好きだった人が暴漢に刺され、意識不明の重体となり、今夜が山ですと言われた。
あの時、長い睫毛に縁どられた瞳が再び開かれることは無いと言われ、おびただしい涙が頬を流れ落ち、一生分の涙といったものを使い果たしたような気がした。だが涙が涸れることがないということも、知っていた。
何故なら、涙は止まることなどなく、とめどなく流れ続けたからだ。
その涙を流させた男は、今、目の前にいて、あの頃よりずっと大人になり、分別も身に付けている。そして、あの島で過ごす前、差し向かいで鍋を食べた時と同じ態度がそこにあった。
あのとき、鶏ガラで取ったスープを「うまい」と言って食べてくれた。あの日は、二人にとって最高の一日になるはずだった。だが、実際にはそうはならなかった。むしろ人生で最悪の日と言えた。
記憶が17年前に戻るたび、鼓膜に残る声は、お前なんか知らないと言い、向けられた目は敵を見る目だった。そして目障りだ、さっさと失せろと言った。
だから、そんな男に再会したとしても、願わくば人相が変わるくらい別人になっていればいいと思った。最後に会った酷い男のままでいてくれればいいと望んでいた。

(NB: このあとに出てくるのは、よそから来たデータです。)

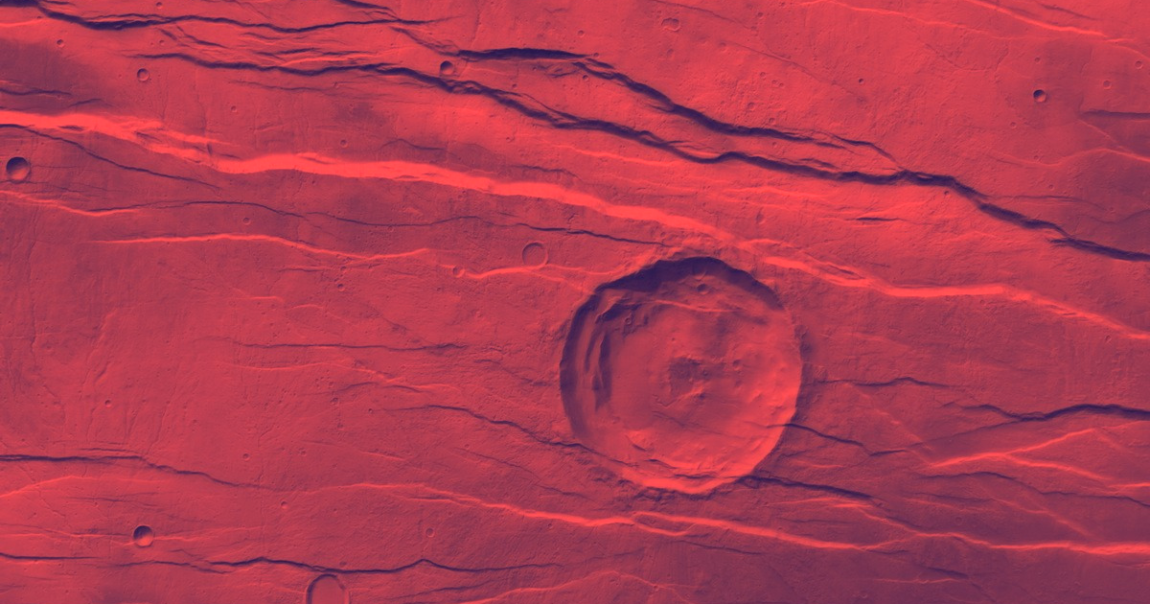 The European Space Agency posted new photos of Mars' topography captured by the Mars Express. The depressions look like "fingernail" scratches.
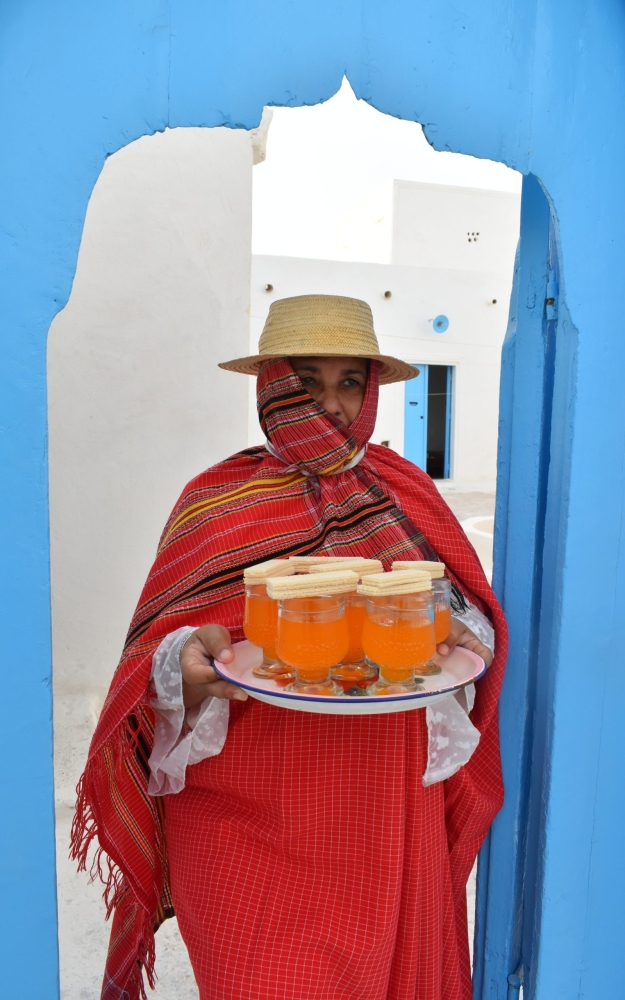 A woman in Djerba's daily dress in front of a Djerban house | إمرأة بلباس جربة اليومي أمام باب حوش جربي
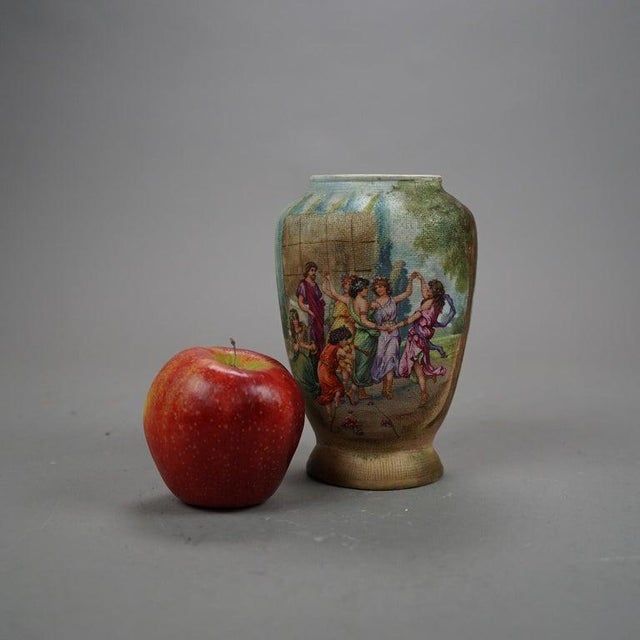 An antique German vase by Royal Bonn offers hand painted Classical genre scene with women dancing in a courtyard, maker...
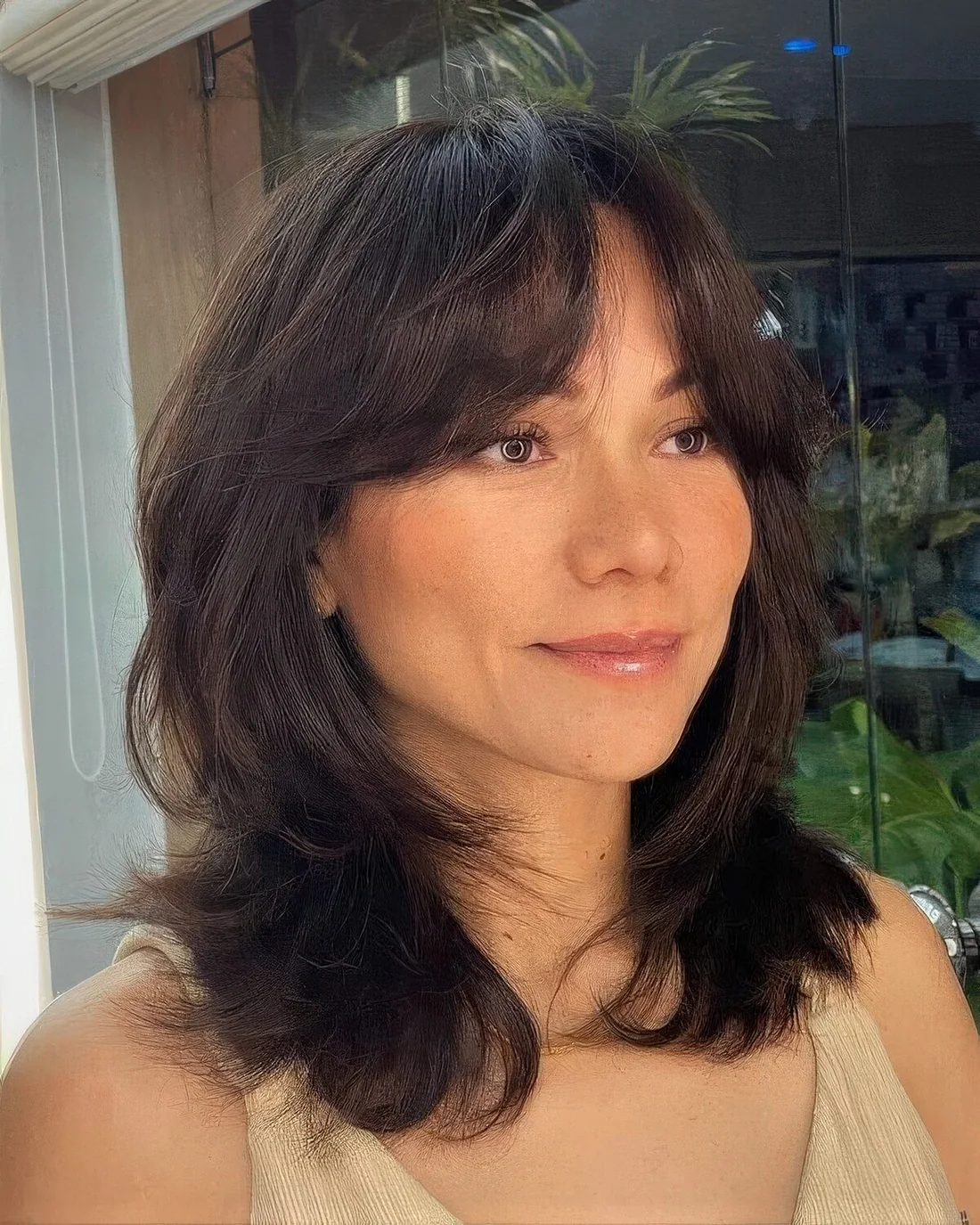 Dark medium-length hair with short curtain bangs, a texture and a bit of layers.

そうすれば、再会したとしても、知らない振りをすることが出来るからだ。
そして、いつか永遠に記憶の中から消し去ることが出来るはずだと思っていた。
恋愛なんてしない。
恋人なんか要らない。
篠田雄一と出会い結婚し、一緒に暮らしていたが、その生活は透明なグラスの底のようにクリアであり、全てが明らかな生活だ。夫婦ではない互いを思いやる心は、恋とは違う友情という絆だ。
つくしは、感情のむらが激しい人間ではない。
だが長い間内側で眠っていた感情が、ふつふつと湧き出し、誰に向かってでもなく、言いたい言葉がある。
長い間、言いたくても言えなかった。
当時、17歳の少女がどう表現すればいいのか分からなかった心の内側といったものも、今なら言えるはずだ。
そして心がこれ以上黙っていることに耐えられなくなっていた。
誰に向かってでもなくと言ったが、やはり一番言いたいのは、今目の前にいる男に対してだ。

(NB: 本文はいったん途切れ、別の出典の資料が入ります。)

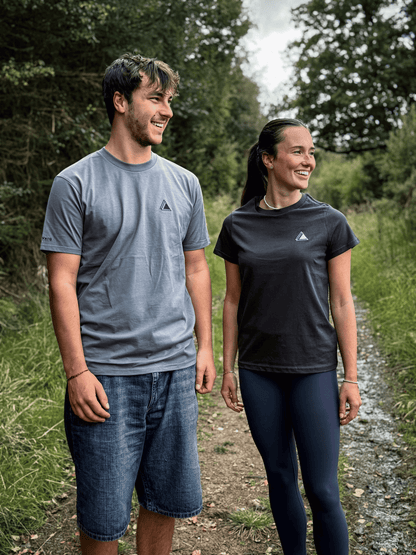 Man in the Haar Grey mens t-shirt and woman in the Sgàil Grey womens t-shirt walking a forest trail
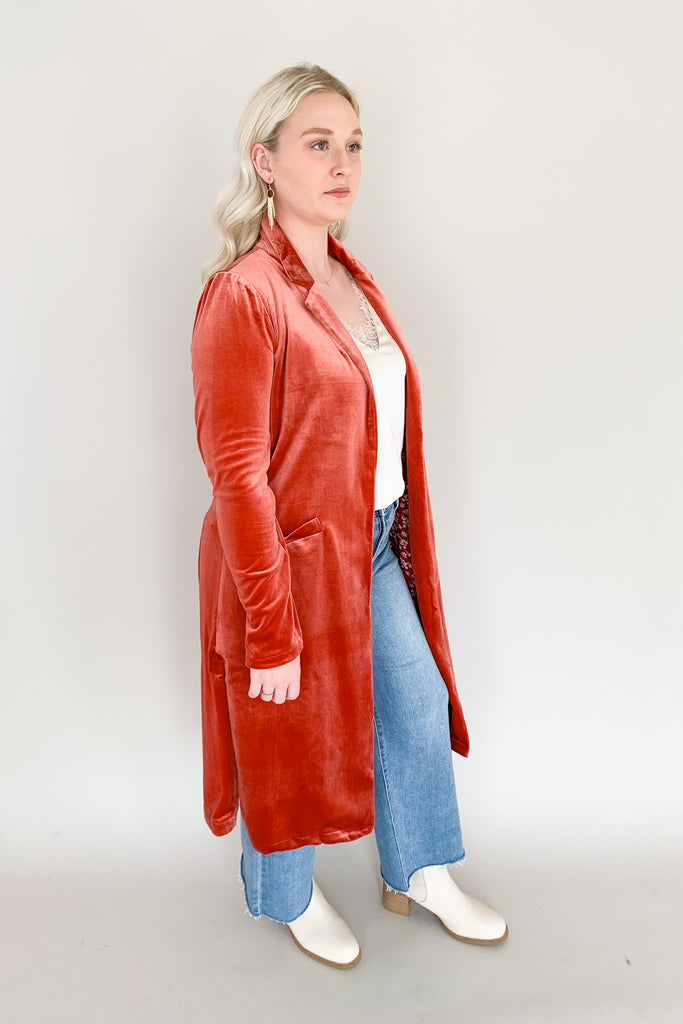 Skies are blue long velvet duster with lapel collar and gorgeous floral satin lining. Available in terracotta, magenta, purple, and teal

「・・あんたが刺されたことは、あんたの責任じゃないことは分かってる・・それに刺した人を恨んでもあんたの記憶が戻るわけじゃないってことは分かってた。・・起きたことをどうこう言ったところでどうにもならないことも分ってた。それに、あんたがあたしのことを忘れたことは、あんたのせいじゃない」
自分だけ忘れられたことを理不尽だと思ったが、どうしようもなかった。
もともと薄い氷の上に立っていた二人だった。
あの事件でその氷が割れ、二人の間に大きな川の流れが現れたのだ。
川の向う、対岸は別の世界であり、つくしが生きて来た世界とは違う世界。足を踏み入れることを躊躇われる世界だった。

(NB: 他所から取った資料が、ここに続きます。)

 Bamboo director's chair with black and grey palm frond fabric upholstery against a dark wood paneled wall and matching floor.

そしてそこは、つくしの常識とは違う流れの常識といったものがある世界。
それは金がものを言う世界。人の価値は、その存在意義は、生まれた時から決められている世界。
だが、人はそれぞれ常識が違う。人の数だけ無数の常識があってもおかしくはない。
しかし人は、自分の持つ常識とは違う常識に触れたとき、その常識を非常識という。
つくしは、司のような人間の世界からみれば、非常識な世界の人間だった。
だから二人の交際には、司の母親からの反対を受けた。それでも、二人はそれぞれの世界から互いに歩み寄った。そして、共に生きて行きたいと望んだ。
だが一緒に生きて行くことは出来なかった。
それまでも理不尽と言われることは幾らでもあった。その最たるものが、司がつくしを忘れたことだった。けれど、まったく希望を失っていたわけではなかった。心の片隅、ほんの小さな欠片でもいいから、いつか思い出してくれるのではないかと願わずにはいられなかった。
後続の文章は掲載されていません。